Records to process >>
============================================================
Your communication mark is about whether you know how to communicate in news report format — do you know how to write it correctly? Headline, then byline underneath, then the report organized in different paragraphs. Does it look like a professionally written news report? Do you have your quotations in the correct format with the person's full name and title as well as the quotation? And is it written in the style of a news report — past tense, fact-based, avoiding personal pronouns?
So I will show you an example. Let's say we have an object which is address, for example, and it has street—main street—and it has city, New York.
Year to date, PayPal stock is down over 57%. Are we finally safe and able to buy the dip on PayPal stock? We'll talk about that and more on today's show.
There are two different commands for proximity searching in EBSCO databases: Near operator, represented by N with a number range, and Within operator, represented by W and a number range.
============================================================
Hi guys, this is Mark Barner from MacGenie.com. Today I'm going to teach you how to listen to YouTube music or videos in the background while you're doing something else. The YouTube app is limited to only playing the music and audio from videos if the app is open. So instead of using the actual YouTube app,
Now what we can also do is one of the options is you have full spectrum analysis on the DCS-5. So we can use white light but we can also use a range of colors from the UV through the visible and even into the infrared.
============================================================
Task objective >>
Find the word "show" in the listing above, then copy each line where it turns up.

Answer box >>
So I will show you an example. Let's say we have an object which is address, for example, and it has street—main street—and it has city, New York.
Year to date, PayPal stock is down over 57%. Are we finally safe and able to buy the dip on PayPal stock? We'll talk about that and more on today's show.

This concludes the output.